Prompt: Output exactly the lines below, starting with the line that has "BIZZOTTO oblazinjen fotelj" and going on through the line that has "CENTURY ВИТАМИНЫ B", both included, and no other lines.

++++++++

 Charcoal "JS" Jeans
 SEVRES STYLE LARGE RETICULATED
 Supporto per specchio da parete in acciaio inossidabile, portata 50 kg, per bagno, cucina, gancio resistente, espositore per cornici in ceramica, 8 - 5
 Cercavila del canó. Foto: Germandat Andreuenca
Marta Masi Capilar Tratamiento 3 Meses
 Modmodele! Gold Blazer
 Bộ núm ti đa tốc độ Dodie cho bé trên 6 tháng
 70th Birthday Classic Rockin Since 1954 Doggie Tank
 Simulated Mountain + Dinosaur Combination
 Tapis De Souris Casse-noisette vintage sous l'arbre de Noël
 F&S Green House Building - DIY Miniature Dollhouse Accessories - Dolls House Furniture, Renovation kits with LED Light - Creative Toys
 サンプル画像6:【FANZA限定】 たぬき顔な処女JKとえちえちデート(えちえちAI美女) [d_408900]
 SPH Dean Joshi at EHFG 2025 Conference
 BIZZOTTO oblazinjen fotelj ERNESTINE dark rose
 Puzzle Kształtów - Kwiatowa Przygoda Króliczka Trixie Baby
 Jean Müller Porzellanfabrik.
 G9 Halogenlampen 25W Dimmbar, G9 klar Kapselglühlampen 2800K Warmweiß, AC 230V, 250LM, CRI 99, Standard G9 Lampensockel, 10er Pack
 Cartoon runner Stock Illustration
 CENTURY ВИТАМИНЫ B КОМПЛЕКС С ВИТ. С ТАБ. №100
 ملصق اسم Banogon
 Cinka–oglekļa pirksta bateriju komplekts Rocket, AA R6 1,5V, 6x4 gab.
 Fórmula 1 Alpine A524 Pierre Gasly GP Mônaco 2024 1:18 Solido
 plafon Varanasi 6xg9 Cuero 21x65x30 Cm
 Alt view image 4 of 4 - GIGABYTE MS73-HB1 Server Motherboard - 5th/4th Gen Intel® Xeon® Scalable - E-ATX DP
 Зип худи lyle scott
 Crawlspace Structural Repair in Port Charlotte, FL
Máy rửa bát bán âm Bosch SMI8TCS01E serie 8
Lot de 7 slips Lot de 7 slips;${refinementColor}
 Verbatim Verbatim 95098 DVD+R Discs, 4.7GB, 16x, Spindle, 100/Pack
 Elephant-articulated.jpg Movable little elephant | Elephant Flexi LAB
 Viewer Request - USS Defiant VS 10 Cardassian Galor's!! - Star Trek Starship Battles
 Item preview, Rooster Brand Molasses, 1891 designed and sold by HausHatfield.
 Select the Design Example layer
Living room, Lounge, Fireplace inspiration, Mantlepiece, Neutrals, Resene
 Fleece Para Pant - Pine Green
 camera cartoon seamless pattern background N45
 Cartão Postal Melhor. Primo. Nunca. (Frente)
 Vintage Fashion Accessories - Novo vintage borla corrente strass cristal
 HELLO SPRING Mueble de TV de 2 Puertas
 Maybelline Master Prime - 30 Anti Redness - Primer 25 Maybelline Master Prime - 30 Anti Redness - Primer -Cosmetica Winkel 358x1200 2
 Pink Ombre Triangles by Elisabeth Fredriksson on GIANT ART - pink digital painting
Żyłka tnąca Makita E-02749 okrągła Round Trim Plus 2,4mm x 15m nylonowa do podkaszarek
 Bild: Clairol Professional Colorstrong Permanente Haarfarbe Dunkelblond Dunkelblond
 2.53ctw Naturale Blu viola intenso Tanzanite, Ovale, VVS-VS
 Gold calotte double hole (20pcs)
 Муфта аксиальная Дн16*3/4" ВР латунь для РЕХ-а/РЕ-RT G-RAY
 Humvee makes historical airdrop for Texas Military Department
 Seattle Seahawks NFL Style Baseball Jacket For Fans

++++++++

Completed task:
 BIZZOTTO oblazinjen fotelj ERNESTINE dark rose
 Puzzle Kształtów - Kwiatowa Przygoda Króliczka Trixie Baby
 Jean Müller Porzellanfabrik.
 G9 Halogenlampen 25W Dimmbar, G9 klar Kapselglühlampen 2800K Warmweiß, AC 230V, 250LM, CRI 99, Standard G9 Lampensockel, 10er Pack
 Cartoon runner Stock Illustration
 CENTURY ВИТАМИНЫ B КОМПЛЕКС С ВИТ. С ТАБ. №100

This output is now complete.